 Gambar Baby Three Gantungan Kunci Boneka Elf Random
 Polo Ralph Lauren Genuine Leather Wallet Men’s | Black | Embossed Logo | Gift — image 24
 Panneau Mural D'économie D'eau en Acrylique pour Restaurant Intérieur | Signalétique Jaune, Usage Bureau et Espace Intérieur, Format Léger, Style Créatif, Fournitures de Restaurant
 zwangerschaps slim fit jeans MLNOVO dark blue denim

* * * * * * *

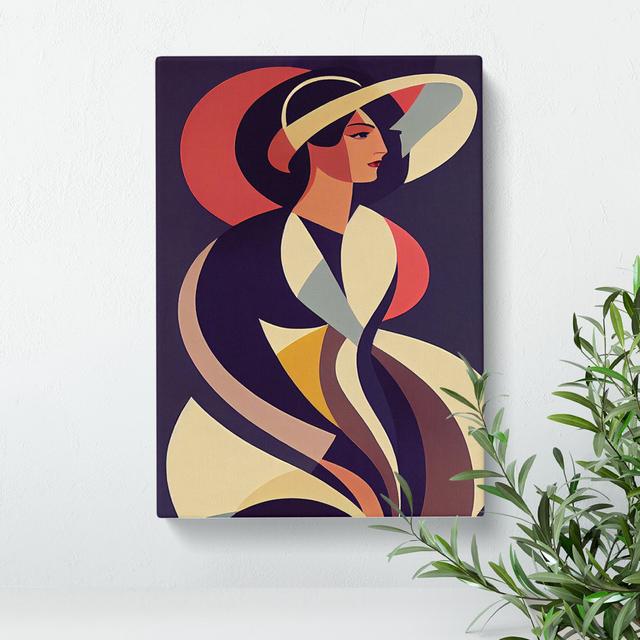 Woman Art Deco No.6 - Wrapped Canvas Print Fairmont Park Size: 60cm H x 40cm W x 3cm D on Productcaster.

* * * * * * *

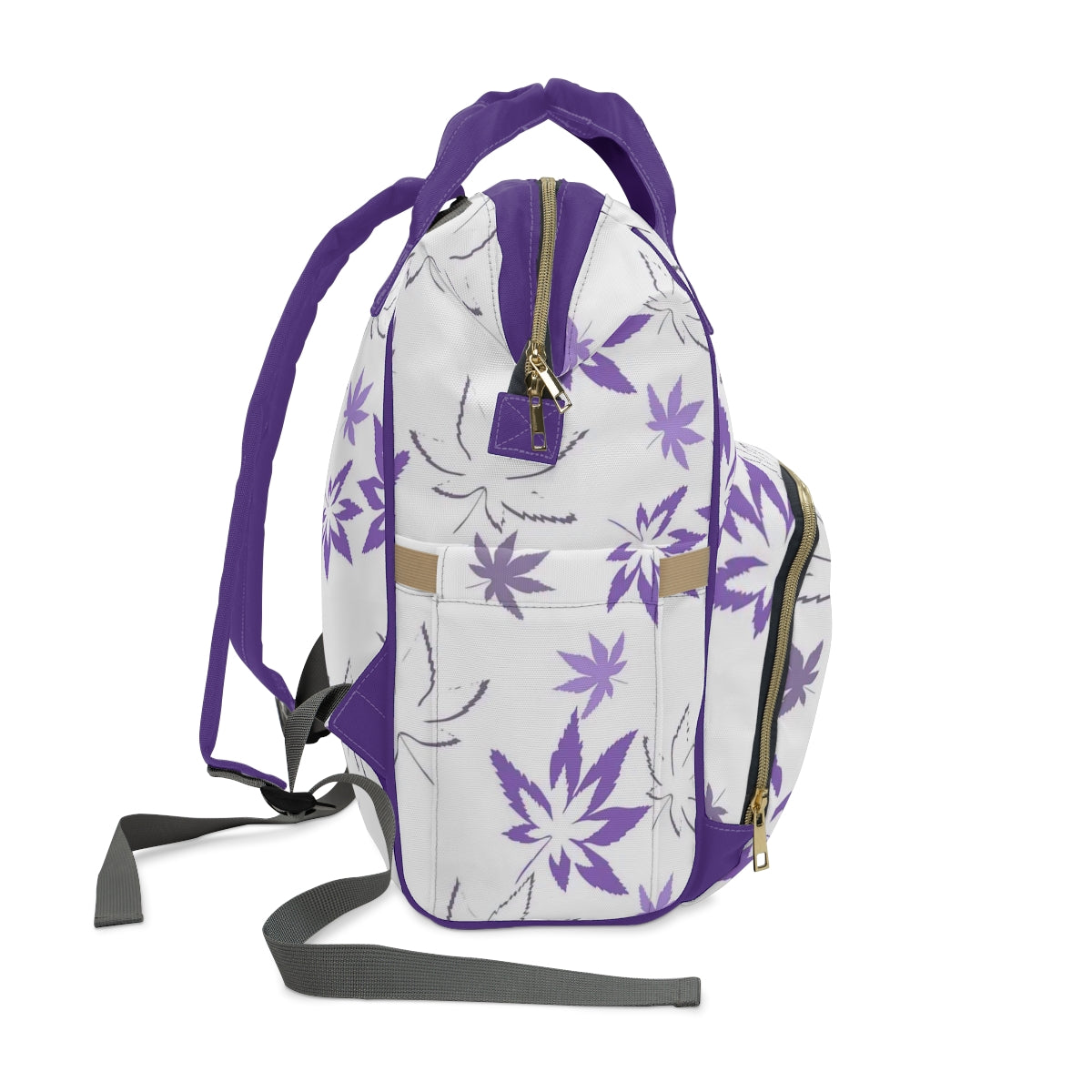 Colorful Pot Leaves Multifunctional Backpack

* * * * * * *

§ **EXERCISE REQUIREMENTS**:
Please give back exactly the lines of this listing beginning at the line with "Polo Ralph Lauren" and ending with the line with "zwangerschaps slim fit", both included, and nothing else.

§ **COMPLETED TASK**:
 Polo Ralph Lauren Genuine Leather Wallet Men’s | Black | Embossed Logo | Gift — image 24
 Panneau Mural D'économie D'eau en Acrylique pour Restaurant Intérieur | Signalétique Jaune, Usage Bureau et Espace Intérieur, Format Léger, Style Créatif, Fournitures de Restaurant
 zwangerschaps slim fit jeans MLNOVO dark blue denim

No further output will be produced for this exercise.